**Directions**
The answer must consist of each line below that contains the word "pattern", copied in full.

**Data for processing**
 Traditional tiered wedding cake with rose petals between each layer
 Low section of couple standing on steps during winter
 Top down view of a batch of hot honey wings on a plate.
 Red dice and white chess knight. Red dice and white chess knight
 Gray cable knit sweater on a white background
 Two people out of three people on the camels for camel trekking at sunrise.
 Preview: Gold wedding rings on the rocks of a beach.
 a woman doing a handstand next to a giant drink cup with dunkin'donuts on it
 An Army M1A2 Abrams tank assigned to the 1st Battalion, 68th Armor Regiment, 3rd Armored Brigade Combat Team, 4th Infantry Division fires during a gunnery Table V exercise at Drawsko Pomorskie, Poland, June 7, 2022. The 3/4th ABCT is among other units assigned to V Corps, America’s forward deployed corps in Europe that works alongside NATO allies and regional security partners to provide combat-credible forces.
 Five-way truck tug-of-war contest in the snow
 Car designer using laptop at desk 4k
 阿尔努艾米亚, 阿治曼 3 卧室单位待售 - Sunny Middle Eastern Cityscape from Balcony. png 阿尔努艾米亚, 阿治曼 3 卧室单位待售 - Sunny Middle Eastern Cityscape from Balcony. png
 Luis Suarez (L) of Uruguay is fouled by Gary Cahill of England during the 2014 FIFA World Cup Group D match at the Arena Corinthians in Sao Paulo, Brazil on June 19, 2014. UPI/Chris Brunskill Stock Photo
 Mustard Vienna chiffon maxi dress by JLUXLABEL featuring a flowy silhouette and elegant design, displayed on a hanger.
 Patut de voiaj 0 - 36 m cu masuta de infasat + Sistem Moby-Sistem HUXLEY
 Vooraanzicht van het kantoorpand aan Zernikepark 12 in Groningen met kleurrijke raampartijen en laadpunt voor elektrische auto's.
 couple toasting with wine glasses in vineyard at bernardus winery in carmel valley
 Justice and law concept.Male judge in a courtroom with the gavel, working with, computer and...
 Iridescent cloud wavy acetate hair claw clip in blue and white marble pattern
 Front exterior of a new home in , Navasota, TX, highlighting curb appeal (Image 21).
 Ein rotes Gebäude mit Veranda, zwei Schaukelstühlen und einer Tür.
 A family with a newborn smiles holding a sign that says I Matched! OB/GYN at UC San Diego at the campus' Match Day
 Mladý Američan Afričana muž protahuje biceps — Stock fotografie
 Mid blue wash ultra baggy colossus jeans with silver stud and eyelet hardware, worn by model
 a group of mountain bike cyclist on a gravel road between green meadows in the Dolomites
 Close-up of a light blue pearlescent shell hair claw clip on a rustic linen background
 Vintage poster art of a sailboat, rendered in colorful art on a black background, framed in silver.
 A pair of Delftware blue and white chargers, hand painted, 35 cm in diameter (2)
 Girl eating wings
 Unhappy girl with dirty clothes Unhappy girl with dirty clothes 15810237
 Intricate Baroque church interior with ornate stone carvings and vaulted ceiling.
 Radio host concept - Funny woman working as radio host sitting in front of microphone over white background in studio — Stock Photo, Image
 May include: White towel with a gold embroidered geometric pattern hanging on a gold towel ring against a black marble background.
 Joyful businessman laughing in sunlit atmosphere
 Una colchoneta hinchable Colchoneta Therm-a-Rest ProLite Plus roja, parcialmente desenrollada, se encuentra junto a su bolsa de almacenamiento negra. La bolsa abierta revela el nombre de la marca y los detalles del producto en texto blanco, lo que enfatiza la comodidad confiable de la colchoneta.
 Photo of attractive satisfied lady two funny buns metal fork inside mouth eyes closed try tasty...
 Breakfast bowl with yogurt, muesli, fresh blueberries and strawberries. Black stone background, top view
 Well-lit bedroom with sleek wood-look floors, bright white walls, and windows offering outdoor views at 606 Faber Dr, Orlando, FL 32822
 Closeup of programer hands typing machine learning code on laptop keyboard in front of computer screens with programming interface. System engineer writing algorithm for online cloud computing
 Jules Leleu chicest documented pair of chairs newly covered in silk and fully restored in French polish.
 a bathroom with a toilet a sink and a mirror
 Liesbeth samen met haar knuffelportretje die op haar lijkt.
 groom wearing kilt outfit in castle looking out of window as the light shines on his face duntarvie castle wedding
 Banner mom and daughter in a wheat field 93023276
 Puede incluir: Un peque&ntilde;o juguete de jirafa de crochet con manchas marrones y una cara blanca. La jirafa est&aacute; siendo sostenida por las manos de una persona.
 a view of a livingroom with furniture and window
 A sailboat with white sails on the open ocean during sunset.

**Solution**
 Iridescent cloud wavy acetate hair claw clip in blue and white marble pattern
 May include: White towel with a gold embroidered geometric pattern hanging on a gold towel ring against a black marble background.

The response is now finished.